WHAT YOU ARE ASKED TO DO:
Word for word, copy the records and drop the pictures.

PROVIDED MATERIAL:
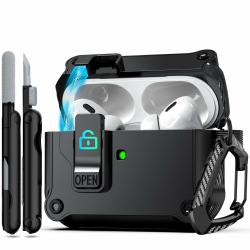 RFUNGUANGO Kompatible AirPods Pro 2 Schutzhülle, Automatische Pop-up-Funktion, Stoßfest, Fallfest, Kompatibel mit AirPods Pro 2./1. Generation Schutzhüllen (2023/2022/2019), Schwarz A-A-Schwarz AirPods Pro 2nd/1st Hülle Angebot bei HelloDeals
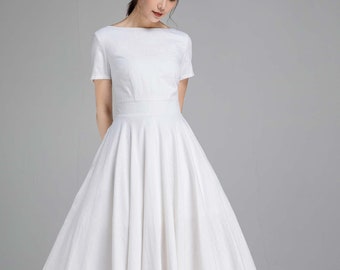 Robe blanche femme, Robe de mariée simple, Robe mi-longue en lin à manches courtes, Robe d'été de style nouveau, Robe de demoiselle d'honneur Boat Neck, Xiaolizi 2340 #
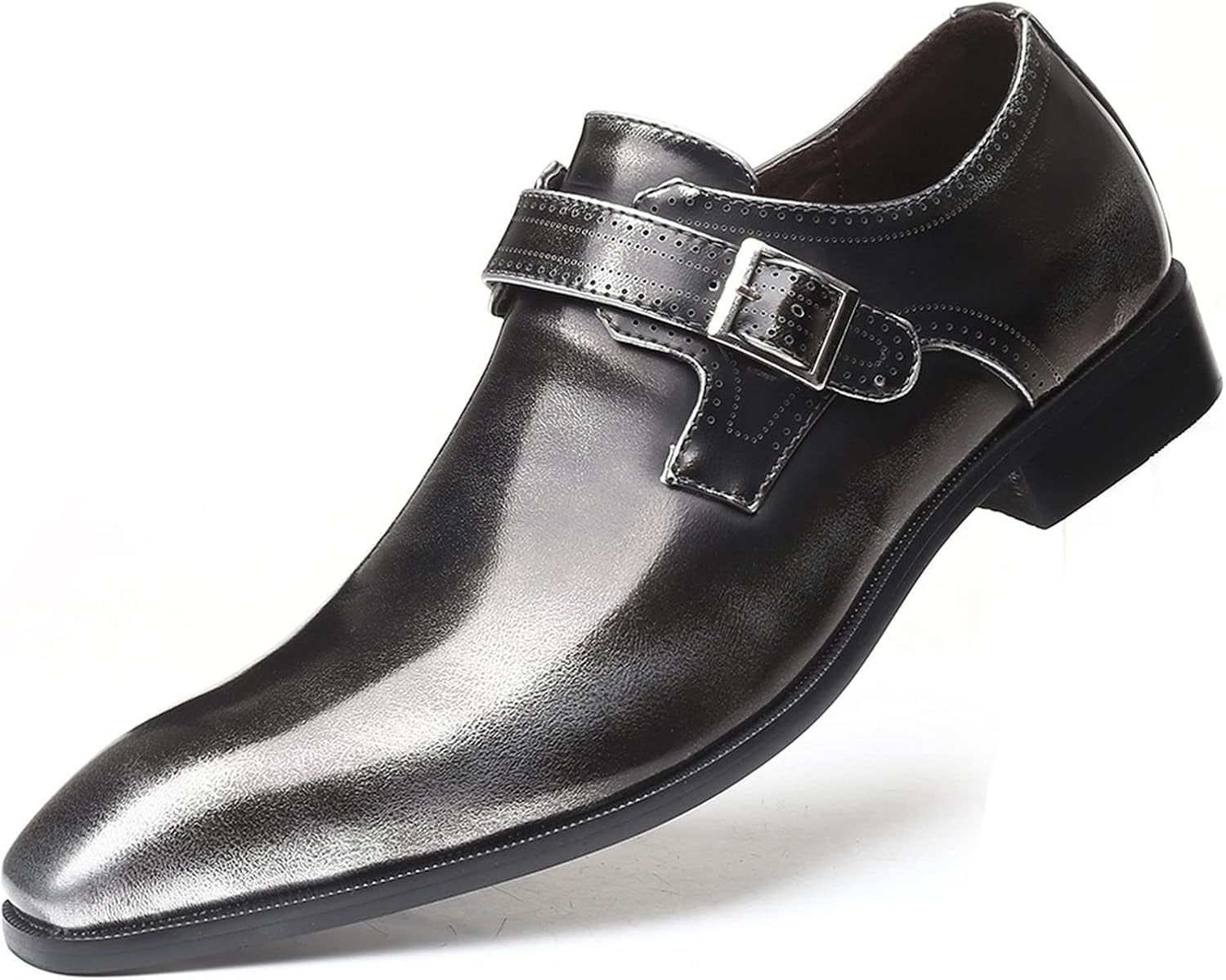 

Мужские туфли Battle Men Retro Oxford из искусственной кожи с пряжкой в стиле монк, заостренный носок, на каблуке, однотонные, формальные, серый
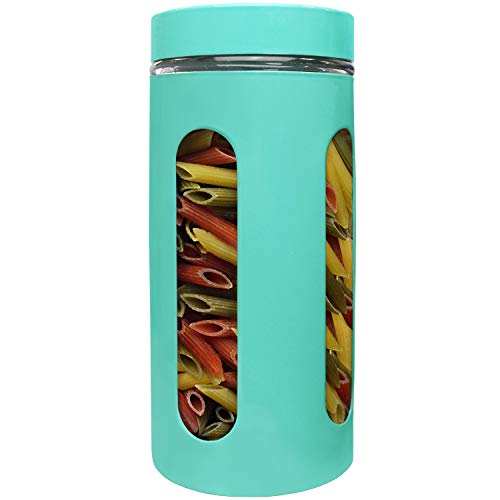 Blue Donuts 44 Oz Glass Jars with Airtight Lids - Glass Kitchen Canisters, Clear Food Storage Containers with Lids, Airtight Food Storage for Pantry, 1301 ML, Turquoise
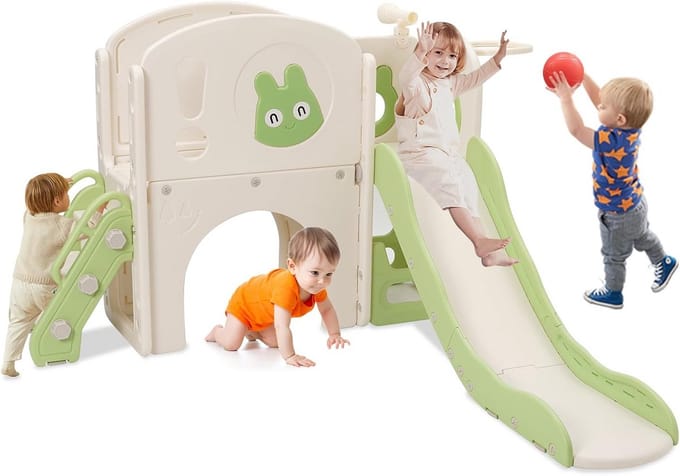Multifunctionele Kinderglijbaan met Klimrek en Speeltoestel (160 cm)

ANSWER BOX:
 RFUNGUANGO Kompatible AirPods Pro 2 Schutzhülle, Automatische Pop-up-Funktion, Stoßfest, Fallfest, Kompatibel mit AirPods Pro 2./1. Generation Schutzhüllen (2023/2022/2019), Schwarz A-A-Schwarz AirPods Pro 2nd/1st Hülle Angebot bei HelloDeals
 Robe blanche femme, Robe de mariée simple, Robe mi-longue en lin à manches courtes, Robe d'été de style nouveau, Robe de demoiselle d'honneur Boat Neck, Xiaolizi 2340 #

Мужские туфли Battle Men Retro Oxford из искусственной кожи с пряжкой в стиле монк, заостренный носок, на каблуке, однотонные, формальные, серый
 Blue Donuts 44 Oz Glass Jars with Airtight Lids - Glass Kitchen Canisters, Clear Food Storage Containers with Lids, Airtight Food Storage for Pantry, 1301 ML, Turquoise
Multifunctionele Kinderglijbaan met Klimrek en Speeltoestel (160 cm)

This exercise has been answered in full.